How does gdb call functions?
(previous gdb posts: how does gdb work? (2016) and three things you can do with gdb (2014))
I discovered this week that you can call C functions from gdb! I thought this was cool because I’d previously thought of gdb as mostly a read-only debugging tool.
I was really surprised by that (how does that WORK??). As I often do, I asked on Twitter how that even works, and I got a lot of really useful answers! My favorite answer was Evan Klitzke’s example C code showing a way to do it. Code that works is very exciting!
I believe (through some stracing & experiments) that that example C code is different from how gdb actually calls functions, so I’ll talk about what I’ve figured out about what gdb does in this post and how I’ve figured it out.
There is a lot I still don’t know about how gdb calls functions, and very likely some things in here are wrong.
What does it mean to call a C function from gdb?
Before I get into how this works, let’s talk quickly about why I found it surprising / nonobvious.
So, you have a running C program (the “target program”). You want to run a function from it. To do that, you need to basically:
- pause the program (because it is already running code!)
- find the address of the function you want to call (using the symbol table)
- convince the program (the “target program”) to jump to that address
- when the function returns, restore the instruction pointer and registers to what they were before
Using the symbol table to figure out the address of the function you want to call is pretty
straightforward – here’s some sketchy (but working!) Rust code that I’ve been using on Linux to do that.

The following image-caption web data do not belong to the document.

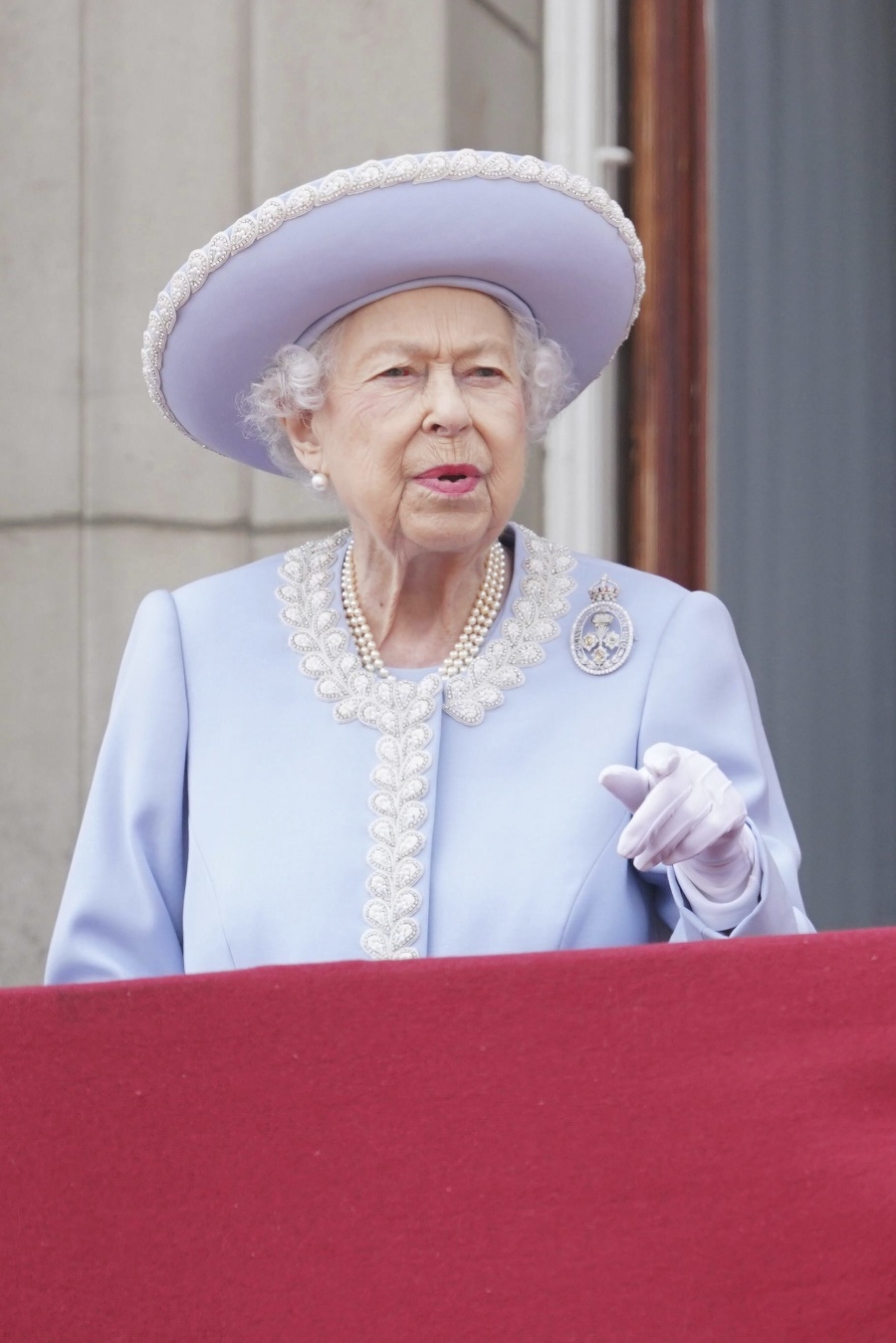 Kráľovná Alžbeta II. na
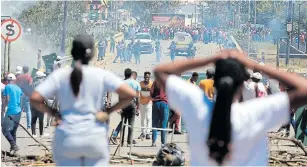  ?? Picture: SINO MAJANGAZA ?? HAD ENOUGH: Students clash with police at the Fort Hare Alice campus.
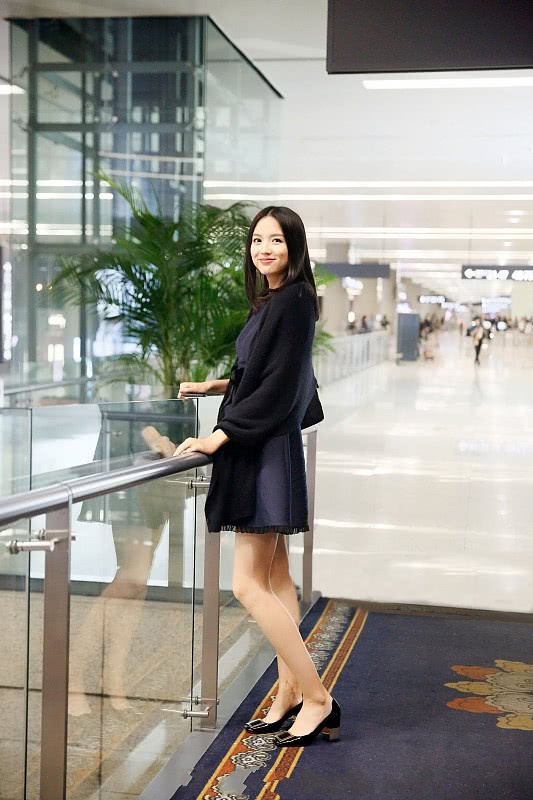 张梓琳还嫌腿不够长？还非要把短裤卷起一层又一层，网友：好嫉妒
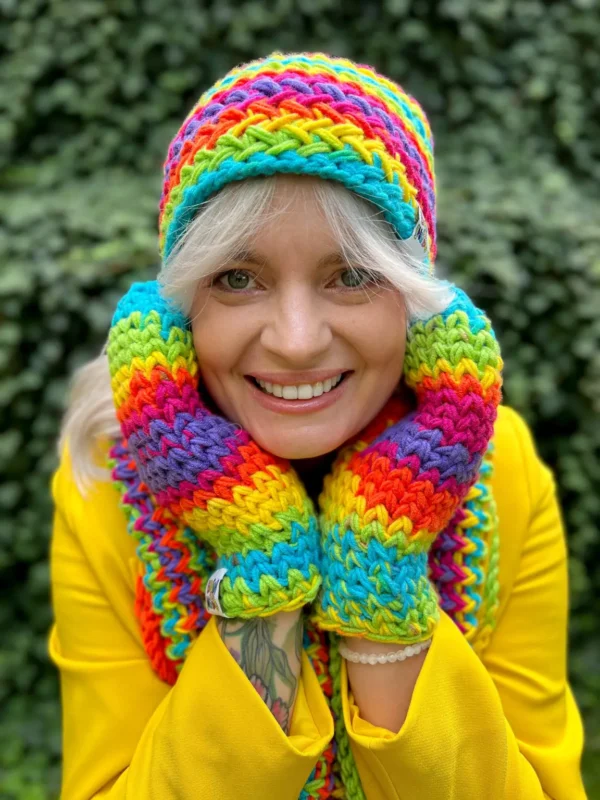 Czapka ręcznie robiona EXPLORER ,,Tęcza"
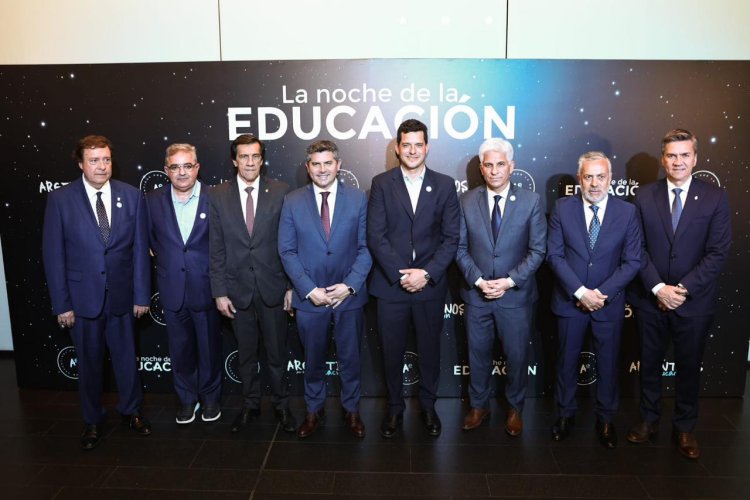 Orrego destacó el   compromiso de San Juan con la mejora continua de la educación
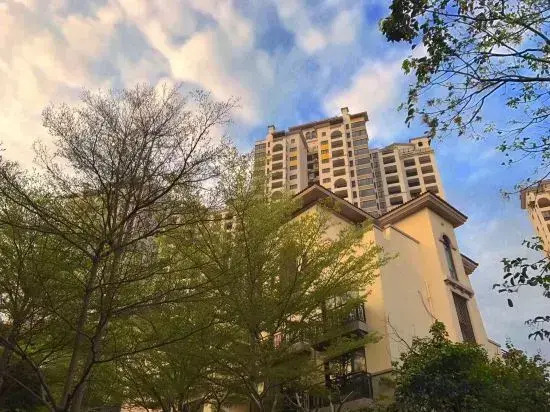 HuiDong Vanke ShuangYue Bay Waterscape Apartment Hotel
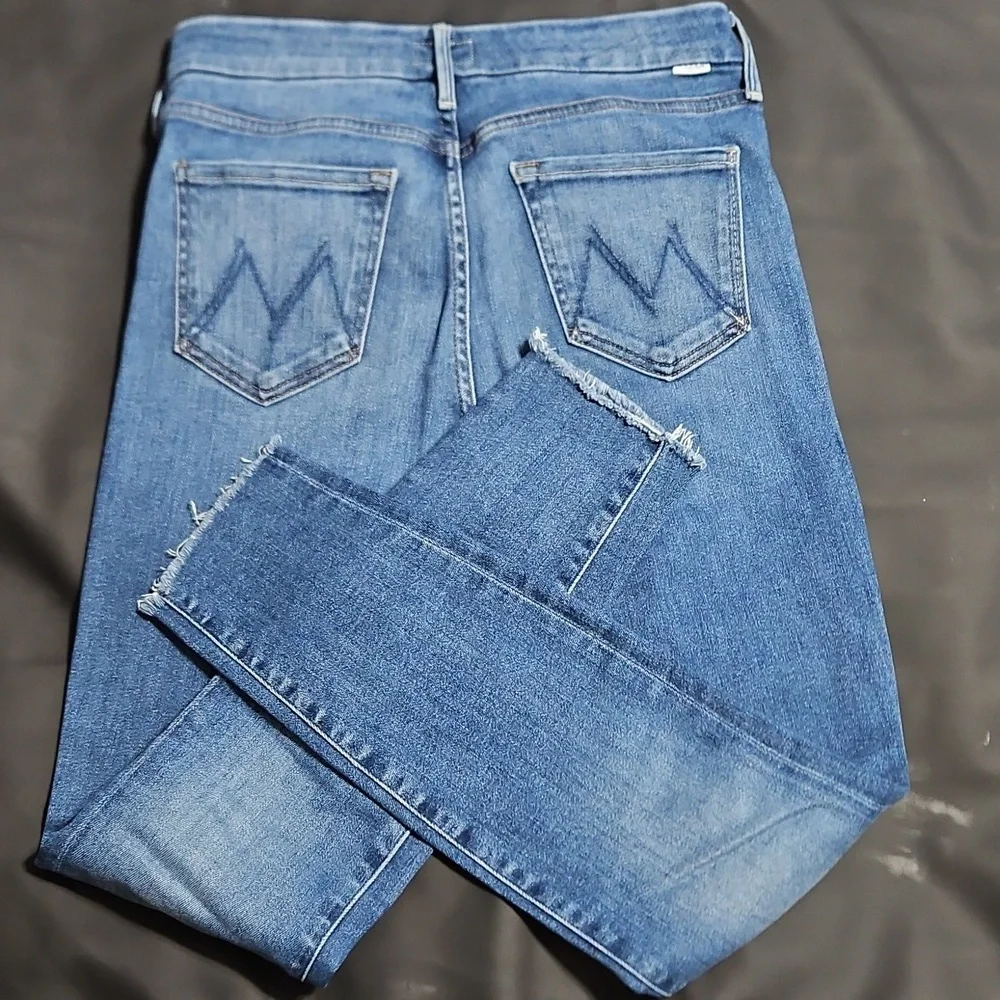 MOTHER Skinny Jeans in Medium Blue Denim - Picture 4 of 6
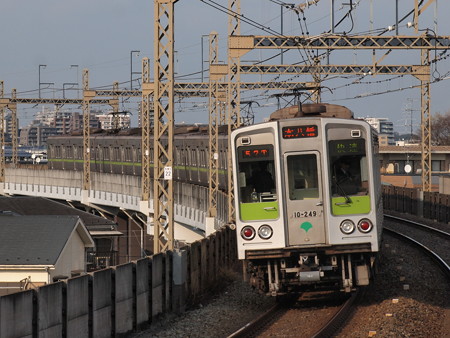 都営10‐000形快速 京王相模原線稲田堤駅01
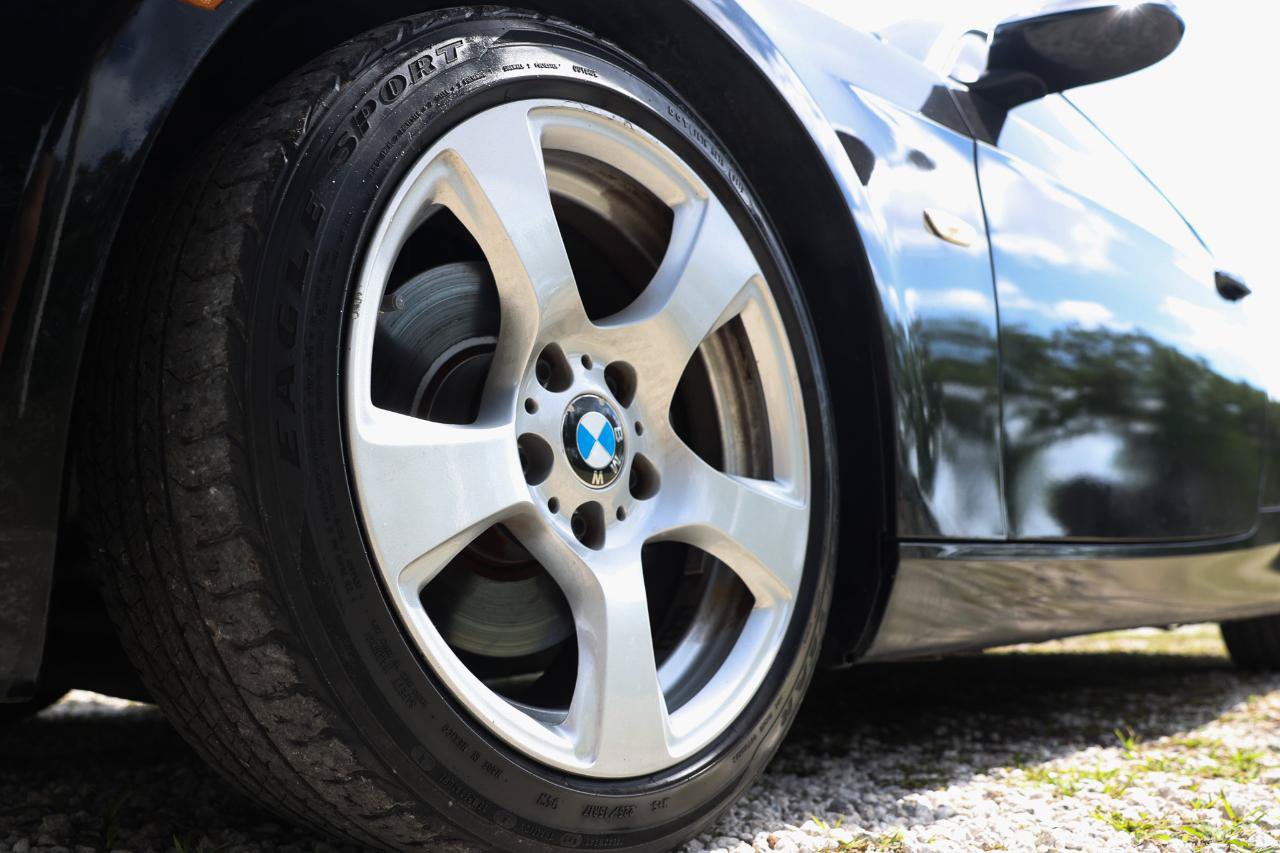 Used 2009 BMW 328i Convertible RWD image 30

This code uses the elf crate.
If I wanted to find the address of the foo
function in PID 2345, I’d run
elf_symbol_value("/proc/2345/exe", "foo")
.
fn elf_symbol_value(file_name: &str, symbol_name: &str) -> Result<u64, Box<std::error::Error>> {
// open the ELF file
let file = elf::File::open_path(file_name).ok().ok_or("parse error")?;
// loop over all the sections & symbols until you find the right one!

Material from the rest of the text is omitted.